Robert Wagner only had two things going for him. He was talented and he was gorgeous. With those two handicaps, what else could he do but become a star? The term "Dreamboat" best describes Wagner in his early days in Hollywood. He was the fresh- faced kid who resembled your best friend's big brother you always had a crush on. He was also lucky. Early on he was noticed and eventually mentored by gay actor Clifton Webb. Webb made sure that he was seen by the most important people in the business and helped him secure parts in several widely seen and popular films at 20th Century Fox, among them: With A Song In My Heart (1952) with Susan Hayward, where his shell shocked soldier made him an instant sensation and two with Webb, Stars and Stripes Forever (1952) and Titanic (1953), the latter also starring Barbara Stanwyck, with whom he allegedly had an on-going "May/December" affair prior to his marriage to fledgling starlet Nathalie Wood.
Above: Rock Hudson
JOAN CRAWFORD: 1905-1977
Joan Crawford loved men and she liked sex. She surrounded herself with gorgeous hunks, both straight and gay. Her escorts were expected to be handsome, suave, polite, good conversationalists, but to know their place, expert dancers, eventual seducers and to be completely attentive to her every need.
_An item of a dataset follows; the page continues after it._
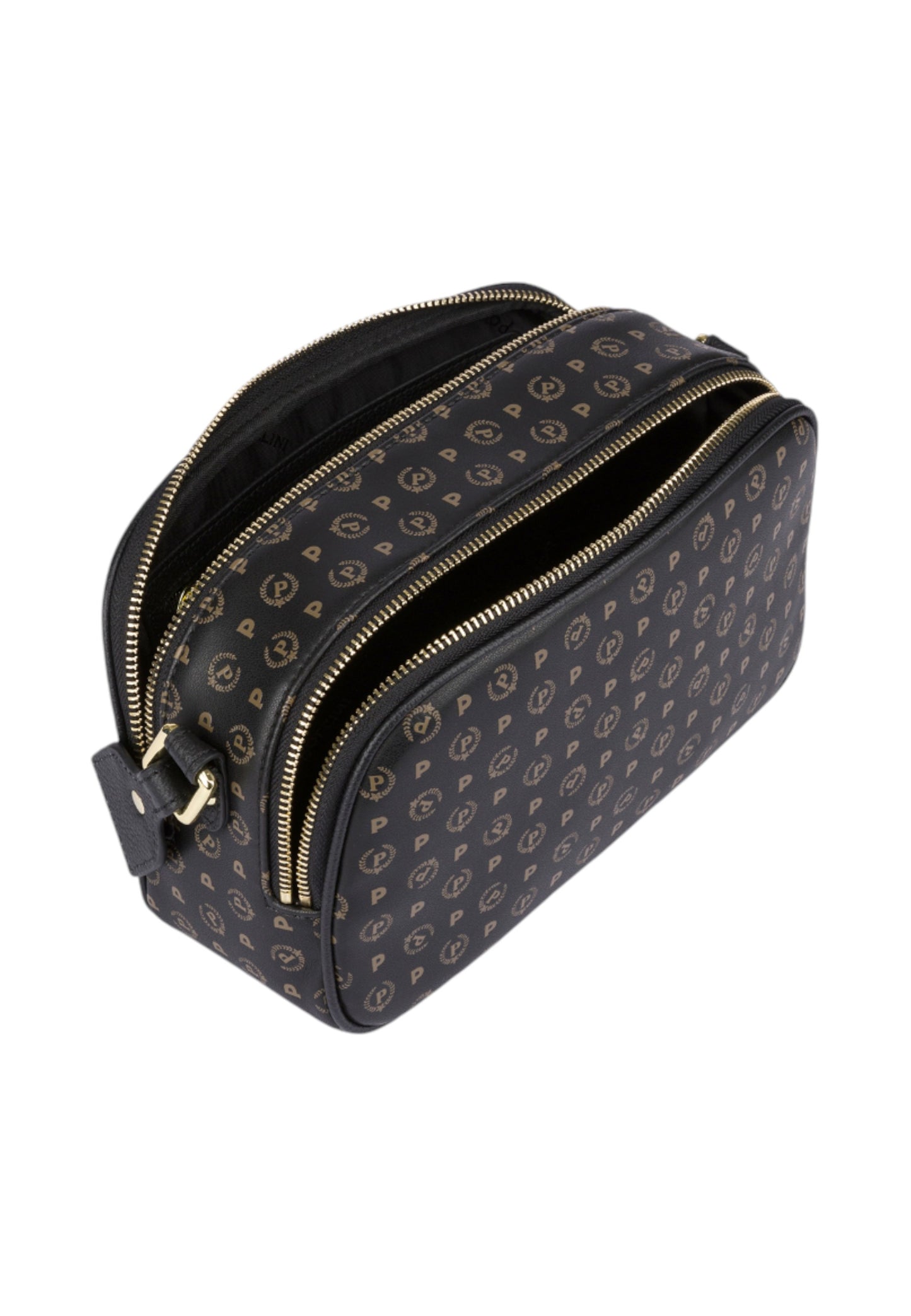 Borsa A Tracolla Donna Pollini   TE8467PP0DQ2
Wait, I say that like it's a bad thing! I love Joan. I always have. I find her compulsively watchable. Particularly when she carries a gun. I particularly love the ten year period of her career where she embraced Film Noir, from Mildred Pierce (1945) to Queen Bee (1955). Here she played the supreme Bitch Goddess, who would just as soon shoot her man as sleep with him. Yes, there's the eyebrows, the huge, padded shoulders that resemble a Green Bay Packer's and the mouth with it's slash of lip stick that got broader and broader as the years went by. There's the face in general, that seemed to turn to granite with each decade, like the fifth face on Mt. Rushmore. But, not unlike John Wayne, she could "carry a picture." Regardless of what's been said about her since the "Mommie Dearest" debacle, and I don't doubt that a lot of it was true, Joan Crawford was undeniably a star.